Baker's percentages explained

The simple math that makes any dough recipe scale to any quantity.

Flour is always 100%

In baker's math, the flour weight is the reference: it's always 100%, and every other ingredient is expressed as a percentage of the flour. So "65% hydration" means 65 g of water for every 100 g of flour; "2.8% salt" means 2.8 g of salt per 100 g of flour.

The percentages add up to more than 100% — that's normal and expected.

Why bakers use it

Percentages make a recipe scale-independent and easy to compare. Two recipes with the same percentages produce the same dough at any size — whether you're making two balls or two hundred.

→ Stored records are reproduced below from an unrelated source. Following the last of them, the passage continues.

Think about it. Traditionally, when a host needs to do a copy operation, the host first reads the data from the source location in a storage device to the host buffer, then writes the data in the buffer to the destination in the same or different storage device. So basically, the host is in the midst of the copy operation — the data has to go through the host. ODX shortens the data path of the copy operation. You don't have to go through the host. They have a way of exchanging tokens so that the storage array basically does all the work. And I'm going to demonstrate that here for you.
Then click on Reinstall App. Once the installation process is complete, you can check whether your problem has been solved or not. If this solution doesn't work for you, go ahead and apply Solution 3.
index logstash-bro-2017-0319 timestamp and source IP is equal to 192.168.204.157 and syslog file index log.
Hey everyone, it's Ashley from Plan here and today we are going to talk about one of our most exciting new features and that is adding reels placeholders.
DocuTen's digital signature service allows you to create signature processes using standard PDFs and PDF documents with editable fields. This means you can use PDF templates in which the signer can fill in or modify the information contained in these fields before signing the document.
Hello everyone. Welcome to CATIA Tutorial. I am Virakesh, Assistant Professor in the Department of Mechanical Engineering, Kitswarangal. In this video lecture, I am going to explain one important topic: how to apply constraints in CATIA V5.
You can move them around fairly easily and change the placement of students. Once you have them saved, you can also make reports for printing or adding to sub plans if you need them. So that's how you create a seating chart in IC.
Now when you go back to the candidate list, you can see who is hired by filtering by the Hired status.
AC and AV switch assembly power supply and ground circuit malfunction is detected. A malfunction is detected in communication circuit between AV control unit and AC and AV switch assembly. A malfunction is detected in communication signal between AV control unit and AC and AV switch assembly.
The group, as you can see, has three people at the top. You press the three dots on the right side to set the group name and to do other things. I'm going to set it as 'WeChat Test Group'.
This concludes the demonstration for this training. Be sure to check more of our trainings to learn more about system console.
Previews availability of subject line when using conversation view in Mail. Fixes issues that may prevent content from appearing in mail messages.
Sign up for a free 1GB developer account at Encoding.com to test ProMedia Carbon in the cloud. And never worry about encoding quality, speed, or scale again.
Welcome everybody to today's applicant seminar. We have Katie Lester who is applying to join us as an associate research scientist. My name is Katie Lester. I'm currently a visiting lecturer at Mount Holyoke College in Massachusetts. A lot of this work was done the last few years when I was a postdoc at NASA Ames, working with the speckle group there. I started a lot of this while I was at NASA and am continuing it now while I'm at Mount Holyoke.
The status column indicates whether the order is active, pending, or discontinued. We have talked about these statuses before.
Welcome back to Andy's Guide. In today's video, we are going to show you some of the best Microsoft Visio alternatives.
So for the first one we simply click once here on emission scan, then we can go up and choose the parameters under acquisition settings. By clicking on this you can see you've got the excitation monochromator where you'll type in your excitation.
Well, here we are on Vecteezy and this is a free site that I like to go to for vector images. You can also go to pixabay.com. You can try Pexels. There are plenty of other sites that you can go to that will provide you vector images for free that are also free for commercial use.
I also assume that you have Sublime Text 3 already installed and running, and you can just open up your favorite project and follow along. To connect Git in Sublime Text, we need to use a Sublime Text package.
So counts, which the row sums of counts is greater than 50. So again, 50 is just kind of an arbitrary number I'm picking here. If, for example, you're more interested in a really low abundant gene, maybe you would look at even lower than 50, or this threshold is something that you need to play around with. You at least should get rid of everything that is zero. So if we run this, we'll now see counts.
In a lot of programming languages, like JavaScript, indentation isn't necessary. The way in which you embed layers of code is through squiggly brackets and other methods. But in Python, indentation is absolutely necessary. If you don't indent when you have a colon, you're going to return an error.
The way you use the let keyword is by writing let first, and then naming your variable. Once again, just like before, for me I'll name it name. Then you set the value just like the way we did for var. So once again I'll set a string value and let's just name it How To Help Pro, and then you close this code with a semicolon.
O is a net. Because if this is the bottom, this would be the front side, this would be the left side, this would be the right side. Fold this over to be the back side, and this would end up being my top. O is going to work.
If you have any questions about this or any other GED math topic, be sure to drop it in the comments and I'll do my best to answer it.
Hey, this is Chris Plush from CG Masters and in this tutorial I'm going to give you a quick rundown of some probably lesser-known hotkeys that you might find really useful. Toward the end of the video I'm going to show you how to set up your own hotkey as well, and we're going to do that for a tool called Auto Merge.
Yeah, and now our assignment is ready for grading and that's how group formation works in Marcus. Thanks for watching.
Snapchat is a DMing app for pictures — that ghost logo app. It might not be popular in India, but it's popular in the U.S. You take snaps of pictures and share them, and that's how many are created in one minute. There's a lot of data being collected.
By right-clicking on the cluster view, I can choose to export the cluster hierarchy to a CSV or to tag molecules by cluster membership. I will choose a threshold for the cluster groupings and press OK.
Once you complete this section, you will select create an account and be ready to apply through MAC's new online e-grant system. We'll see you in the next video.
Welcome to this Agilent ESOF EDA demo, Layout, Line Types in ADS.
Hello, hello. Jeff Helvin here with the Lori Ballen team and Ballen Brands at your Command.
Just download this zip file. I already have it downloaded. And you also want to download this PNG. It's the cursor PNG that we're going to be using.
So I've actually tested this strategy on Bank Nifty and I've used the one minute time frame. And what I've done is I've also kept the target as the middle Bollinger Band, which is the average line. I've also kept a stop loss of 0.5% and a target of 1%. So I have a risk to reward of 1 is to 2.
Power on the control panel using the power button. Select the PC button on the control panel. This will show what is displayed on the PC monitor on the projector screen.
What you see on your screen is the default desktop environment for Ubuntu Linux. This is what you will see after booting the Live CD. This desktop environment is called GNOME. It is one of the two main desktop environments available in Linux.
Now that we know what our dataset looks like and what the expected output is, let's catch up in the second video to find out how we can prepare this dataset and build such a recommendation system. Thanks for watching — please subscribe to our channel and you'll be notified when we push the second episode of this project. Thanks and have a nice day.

That's exactly why this site puts the whole recipe in a shareable link: change the quantity and the ratios stay identical.

A worked example

Say you want four 280 g balls — 1,120 g of dough — at 65% hydration, 2.8% salt and 0.3% yeast. Add the percentages: 100 + 65 + 2.8 + 0.3 = 168.1%.

Divide the total dough by that (1,120 ÷ 1.681) to get the flour: ≈666 g. Then water = 65% × 666 ≈ 433 g, salt = 2.8% × 666 ≈ 18.7 g, and yeast ≈ 2 g.

Typical pizza numbers

Hydration usually runs 55–70% (higher for airy, wetter styles); salt 2–3%; instant dry yeast 0.2–0.5% for a slow ferment; oil and sugar 0–3% in some styles, none in classic Neapolitan.

Preferments and levains are also expressed as a percentage of the total flour.

Let the tool do the math

You don't have to calculate any of this by hand — the calculator solves for flour from your target dough weight and percentages, then weighs out every ingredient. Understanding the percentages just lets you read, tweak and trust the recipe.

Open the dough calculator

FAQ

Why do the percentages add up to more than 100%?

Because flour alone is the 100% reference. Water, salt, yeast and the rest are each a share of the flour weight, so the total is always above 100%.

What is hydration?

Hydration is the water expressed as a percentage of flour weight. 65% hydration = 65 g water per 100 g flour.